A Kennebunk doctor who was accused of unnecessarily prescribing opioids and other controlled substances in 2022 was found guilty of those charges on Friday.
Merideth C. Norris, 53, of Kennebunk was arrested on Oct. 19, 2022 for illegal prescribing practices, according to the U.S. Department of Justice.
An investigation found that Norris, who ran the Graceful Recovery addiction treatment center according to the Portland Press Herald, had prescribed opioids including the highly addictive oxycodone, hydromorphone and fentanyl to patients who had previously experienced opioid use disorder.
Some of Norris’ patients had also tested positive for controlled substances that are known to be addictive, without a prescription for those drugs, according to court documents. There was also evidence that Norris’ patients may have been distributing the drugs prescribed by her to others.
When Norris was asked to justify her reasoning for writing those prescriptions, she reportedly submitted an incomplete patient file to the Maine Board of Osteopathic Licensure and misrepresented her prescribing practices. According to court documents, numerous pharmacists refused to fill prescriptions she had ordered, and Walmart pharmacies issued a national ban on filling prescriptions she had penned.

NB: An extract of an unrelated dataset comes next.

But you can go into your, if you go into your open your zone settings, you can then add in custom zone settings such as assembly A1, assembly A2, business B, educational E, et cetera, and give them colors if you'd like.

After investigations by the FBI, the Federal Drug Enforcement Agency and the inspector general of the Department of Health and Human Services, Norris was found guilty on 15 counts of unlawfully distributing controlled substances.
Each charge carries a maximum sentence of 20 years in prison. Norris will be sentenced by a federal judge, according to a brief from the DOJ.
The illegal prescription of opioids led to years of litigation against prescription drug manufacturers, distributors and retailers accused of fueling the opioid epidemic that has claimed the lives of thousands of Mainers over nearly three decades.
Maine is in the process of allocating funds that are coming from a $230 million settlement procured through lawsuits against CVS Pharmacy and Walmart, and some of the biggest pharmaceutical companies in the country, like McKesson Corp., Mallinckrodt, Allergan and more.
In 2023, the number of overdoses from scheduled drugs which became prevalent during the opioid crisis dropped by 16 percent compared with 2022 numbers. Since 2022, a number of programs have launched around the state in an effort to reduce the number of Mainers dying from drug overdoses.